Le cinéaste a repris la route de Nouakchott jusqu’à Oualata : km 90, km 459, km 713, km 913, km 1283. Et l’image montre en noir et blanc les lieux des exactions : la route ensablée, les voitures et camions, une tente déchirée, quelques rares silhouettes, des arbres… Oualata : un bloc rectangulaire érigé en haut d’une colline en plein milieu du désert. Autour : des chameaux, des ânes, quelques nomades au loin et, toujours des tempêtes de sable. La caméra entre dans le fort, à la rencontre de son garde actuel, seul homme à être approché.
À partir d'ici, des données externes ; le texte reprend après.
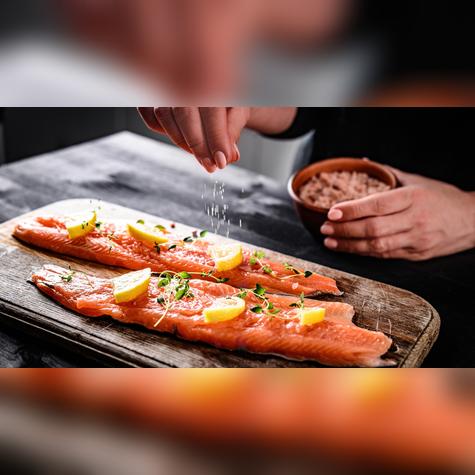 Vierte sal gruesa en el pescado.   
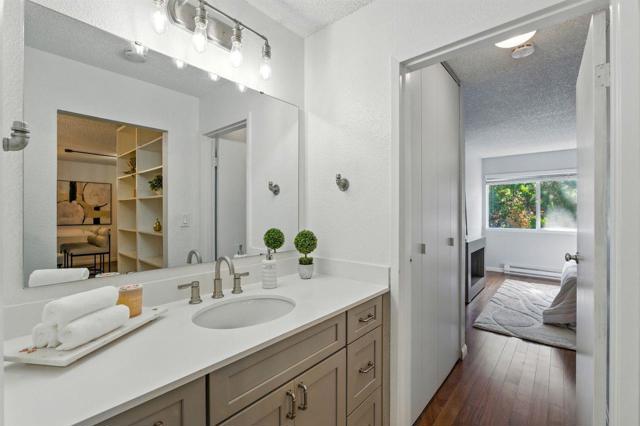 381 Half Moon Lane, Daly City CA: https://media.crmls.org/mediaz/aac16712-ffd6-448b-8abe-cb5661d1b52c.jpg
Composée de longs plans-séquence fixes, dépouillés, qui donnent à voir un décor âpre et hostile, l’image, tournée en HD, travaille la matière des paysages : rocs, sable, ombres et lumière. Le choix du noir et blanc place le réel à distance et l’installe dans le passé. Les plans évoquent mais n’illustrent jamais. C’est un défi périlleux, tenu avec rigueur. On voit des oiseaux voler juste avant que le narrateur énonce l’impossibilité d’une évasion, sans vivre, de ce territoire hostile. L’image devient ainsi réminiscence, souvenir lointain du prisonnier. On plonge dans la mémoire souffrante depuis une image au présent. L’horreur est inscrite dans chaque pierre, chaque grain de sable, sur la route. Quelques éléments s’ajoutent en contre-point à cette construction. Les témoignages de la femme d’un ancien prisonnier et celui d’un ancien garde de Oualata scandent le fil du récit. De même, les photographies des anciens détenus : ils rendent les visages aux victimes, les incarnent.
Le film se conclut sur l’image d’un homme, immobile, à contre-jour. Le narrateur dit sa libération et son retour à la vie. Il lui arrive de croiser dans la rue un ancien bourreau ou garde. Alors ils se saluent sans jamais évoquer le passé. « On fait comme si, d’ailleurs, tout cela n’avait jamais existé ».
Un jour peut-être, ils pourront en parler. D’ici là, le sable, les pierres, le fort, les ânes et les chameaux témoignent pour eux.